Afghan tribal leaders not aiding searches, U.S. says

Pashtun uncooperative in hunt for Taliban

January 17, 2002|By NEW YORK TIMES NEWS SERVICE

WASHINGTON - Pashtun tribal leaders in eastern Afghanistan have largely refused to cooperate with U.S. special operations forces in their hunt for al-Qaida and Taliban fighters, weapons caches and intelligence that could prevent future terrorist attacks, military officials said yesterday.

The rebuff, which comes as the Pentagon disclosed the discovery near Kabul of two canisters that could contain deadly chemicals, has left U.S. forces with few Afghan allies in one of the most dangerous regions of the country. It is a former Taliban and al-Qaida stronghold that might harbor hundreds of hostile fighters, underground command bunkers and shadowy hideouts ideal for staging guerrilla attacks, officials said.

The Pentagon is trying to offset the lack of assistance on the ground by focusing more attention on the region from the sky, using its vast array of surveillance sensors.

"It's a bad neighborhood, and we haven't been there before," said a military official who closely tracks the movements of special operations forces. "We're not alarmed yet. But we are entering a much more dangerous phase."

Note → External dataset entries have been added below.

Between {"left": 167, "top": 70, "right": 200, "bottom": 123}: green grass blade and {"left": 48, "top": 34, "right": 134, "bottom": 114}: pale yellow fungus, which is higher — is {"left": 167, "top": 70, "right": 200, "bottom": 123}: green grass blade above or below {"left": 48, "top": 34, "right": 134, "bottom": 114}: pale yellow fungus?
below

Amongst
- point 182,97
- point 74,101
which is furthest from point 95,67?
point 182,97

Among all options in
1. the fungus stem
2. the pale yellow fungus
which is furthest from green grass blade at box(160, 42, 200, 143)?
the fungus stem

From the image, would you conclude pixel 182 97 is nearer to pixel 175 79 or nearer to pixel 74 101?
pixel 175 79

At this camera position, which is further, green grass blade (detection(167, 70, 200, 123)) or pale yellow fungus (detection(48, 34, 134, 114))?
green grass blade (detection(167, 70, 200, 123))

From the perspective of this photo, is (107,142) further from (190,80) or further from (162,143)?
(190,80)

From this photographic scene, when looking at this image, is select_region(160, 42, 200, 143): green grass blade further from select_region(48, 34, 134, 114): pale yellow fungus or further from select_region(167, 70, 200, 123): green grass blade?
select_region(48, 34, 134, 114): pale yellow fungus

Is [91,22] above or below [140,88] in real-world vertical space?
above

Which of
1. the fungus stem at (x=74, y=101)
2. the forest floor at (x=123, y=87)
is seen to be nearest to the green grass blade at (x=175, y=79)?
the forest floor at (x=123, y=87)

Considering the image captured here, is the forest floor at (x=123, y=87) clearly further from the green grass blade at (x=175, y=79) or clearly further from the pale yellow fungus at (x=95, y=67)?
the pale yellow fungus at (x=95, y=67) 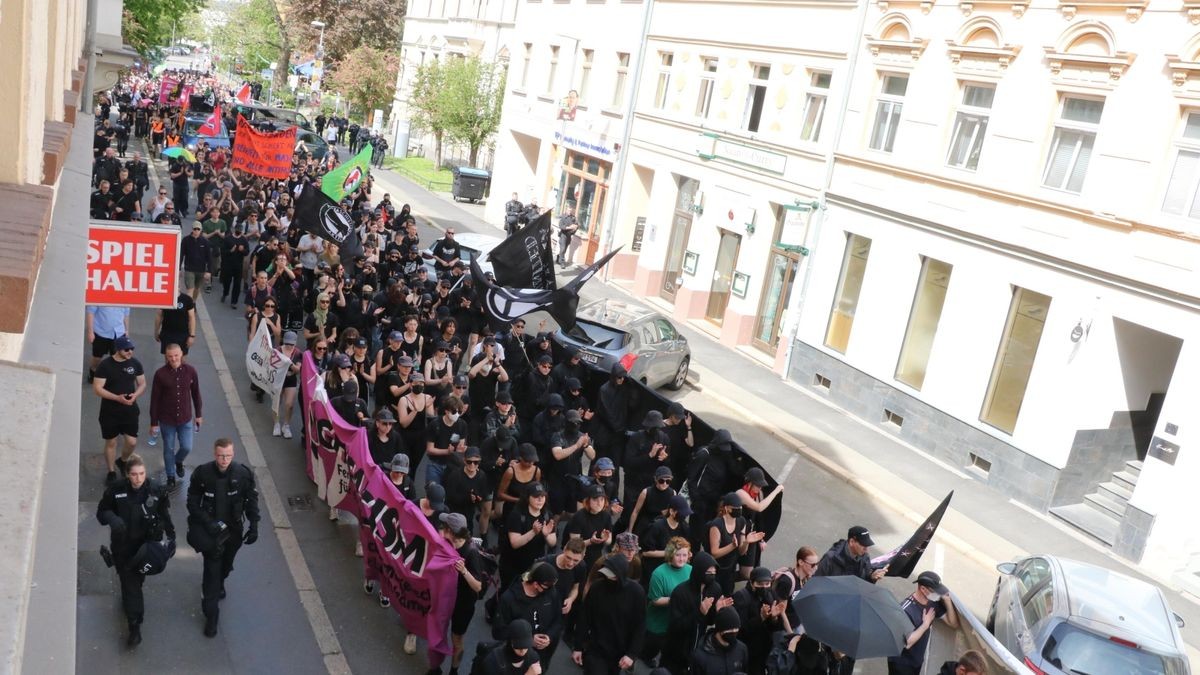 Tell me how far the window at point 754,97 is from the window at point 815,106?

The importance of getting accurate intelligence on hidden weapons was highlighted yesterday by the military's disclosure that two metal canisters possibly containing deadly chemical or nuclear material had been unearthed near Kabul.

The military has been looking for evidence that al-Qaida developed radiological, chemical or biological weapons, and has searched 45 of 50 suspected sites in vain. But last week, a private British company turned up the two thermos-sized canisters while clearing mines.

The canisters had the skull-and-crossbones symbol on them as well as warnings in Russian that referred to nuclear material. While intelligence officials believe that the canisters might be a hoax, the canisters will be sent to the Army's Edgewood Chemical Biological Center at Aberdeen Proving Ground for analysis.

Even as military officials expressed concern about the lack of cooperation in eastern Afghanistan, the U.S.-backed coalition had a potential intelligence boon fall into its lap this week in Kandahar, in the south.

A major drug lord in the Kandahar area who purportedly contributed large amounts of money to Taliban causes surrendered to U.S. Marines for questioning Tuesday, military officials said.

"Our military intelligence people were jumping with joy at the opportunity to talk to him," said 1st Lt. James Jarvis, a Marine Corps spokesman at the U.S. military base at the Kandahar International Airport.